Gazze’de grev batı yakası’nda olduğu kadar güçlü değil. Orada Hamas daha güçlü. Ama hamas’ın desteği giderek büyüyor.
Filistin’de yoksulluk ve açlık hızla artıyor. İşsizlik % 65’e ulaştı. Nüfusun % 75’i yoksulluk sınırının altında.
Bu arada Gazze’ye saldırdığından beri İsrail 33 Filistinli milletvekilini ve bakanı kaçırdı.
Genel grevi işgale karşı nefreti daha da arttırdı.


Blair cehenneme git

Partisini destekleyen sendika kongresinde büyük protestolarla karşılaşan İngiliz başbakanı Tony Blair geçen hafta gittiği Lübnan’da da büyük protestolarla karşılaştı.

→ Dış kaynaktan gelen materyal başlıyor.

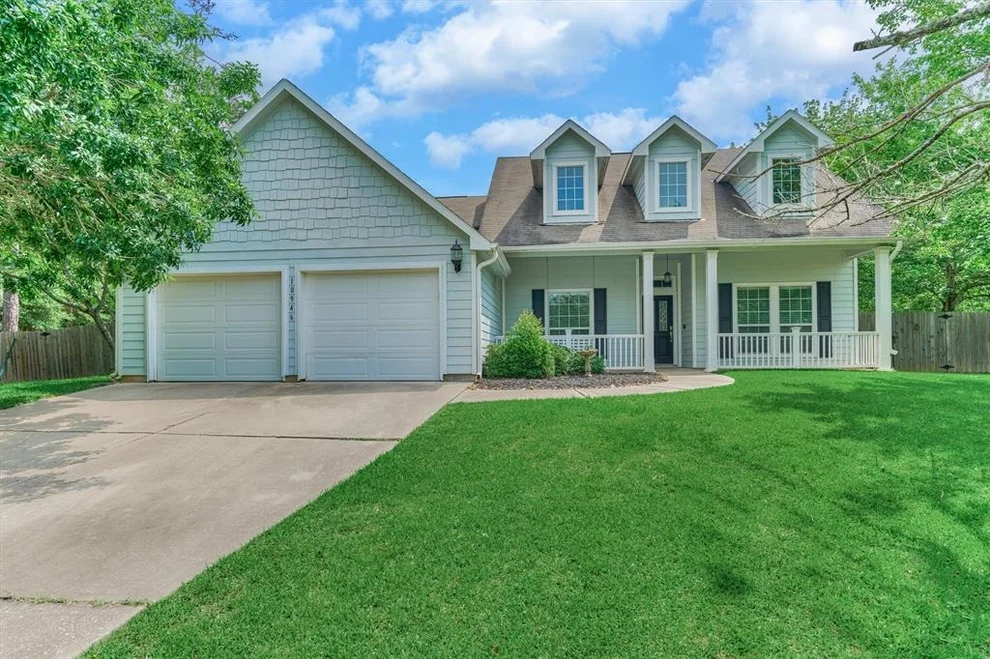 Unit for sale at 10946 Sunflower Drive, Conroe, TX 77318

Lübnan’ın hertarafından akın akın gelen değişik siyasal eğilimlerden göstericiler “Lübnan sana rağmen hala özgür” diye bağırıyorlardı.
Göstericiler arasında Hizbullah taraftarlarının yanı sıra milliyetçi örgütlerden insanlar, Şiiler, Hıristiyanlar ve Sünniler de vardı. Göstericilerin yaş ortalaması çok gençti.
Blair’in basın toplantısında da protesto vardı. Hükümet üyelerinin ise bir kısmı Blair ile görüşmedi. Sadece iki Hizbullah’lı bakan değil diğer partilerden bakanların bir kısmı da Blair ile görüşmedi.
Lübnan Blair’den nefret ediyor. Ancak, Blair’e gösterilen tepki Lübnan’a gelecek bütün yabancılara da gösterilecektir.
Lübnan’a gidecek olan Türk askerleri de çiçeklerle karşılanmayacak büyük olasılıkla aynı tepki ile karşılaşacaklar.